The policy rationale for these objects is to centralise gold trade, optimise forex inflows, accelerate gold
reserve accumulation, and generate national benefits from the entire value chain of the country’s gold
resources for economic revitalisation and sustainable growth.
Ghana’s GOLDBOD sources gold from mainly licensed artisanal and small-scale miners, using a regulated
network of authorised buyers and aggregators. It pays in cedis based on the Bank of Ghana’s reference
rates and either exports the gold or allocates it to the Bank of Ghana for reserve accumulation.

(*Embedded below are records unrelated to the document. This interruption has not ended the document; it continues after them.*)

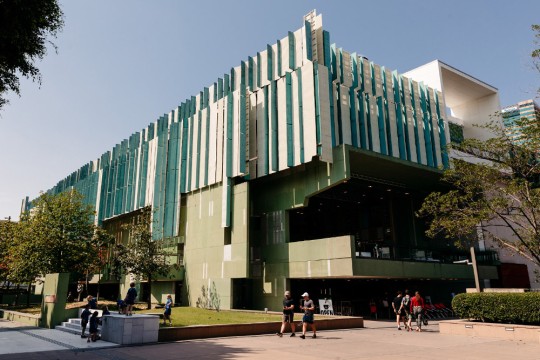 Exterior view of State Library building during the day with people walking in front of it. 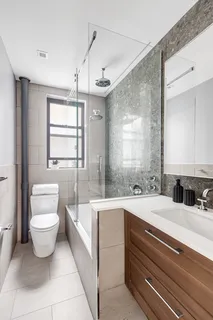 a bathroom with a sink toilet and granite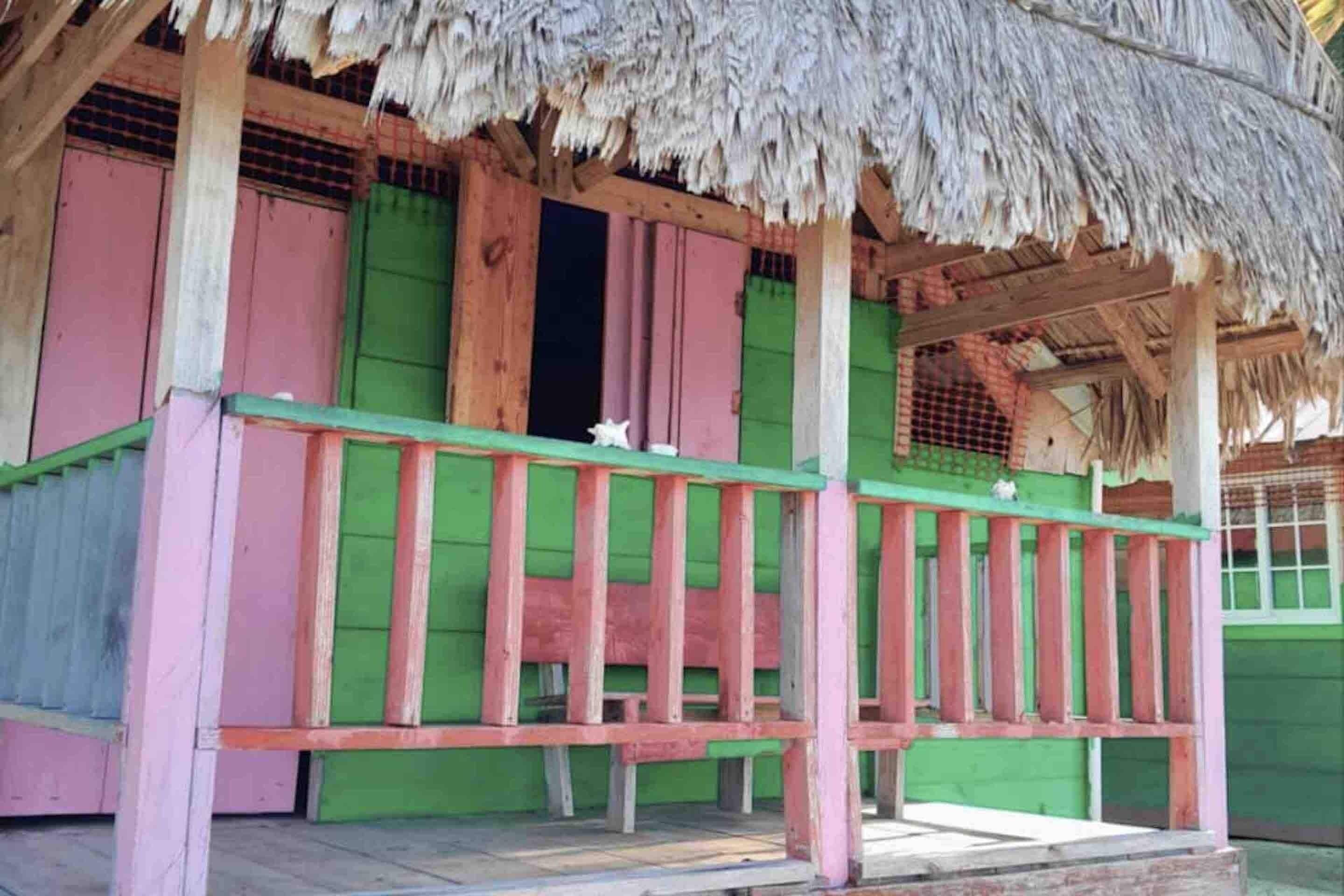 Una estructura de madera con techo de paja, paredes verdes y rosadas, y un banco de madera.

3.0 HAVE WE REALISED OUR OBJECTS?
The year 2025 marked the inception of GOLDBOD, and in just one year, Ghana’s Artisanal and Small-Scale
Mining (ASM) gold export value has increased from 63.6 metric tons (mt) in 2024 to 101mt as of 23rd
December 2025. Reference is made to actual export volumes in metric tonnes to ensure that the current
higher gold prices do not distort our analysis. It should be noted that this is not just a result of a significant
surge in production but rather an optimisation of the accounting of Ghana’s gold production by drastically
reducing smuggling. This achievement is due to GOLDBOD’s work, and we must acknowledge their
contribution. GOLDBOD and its practices have successfully optimised our ‘official’ gold trade.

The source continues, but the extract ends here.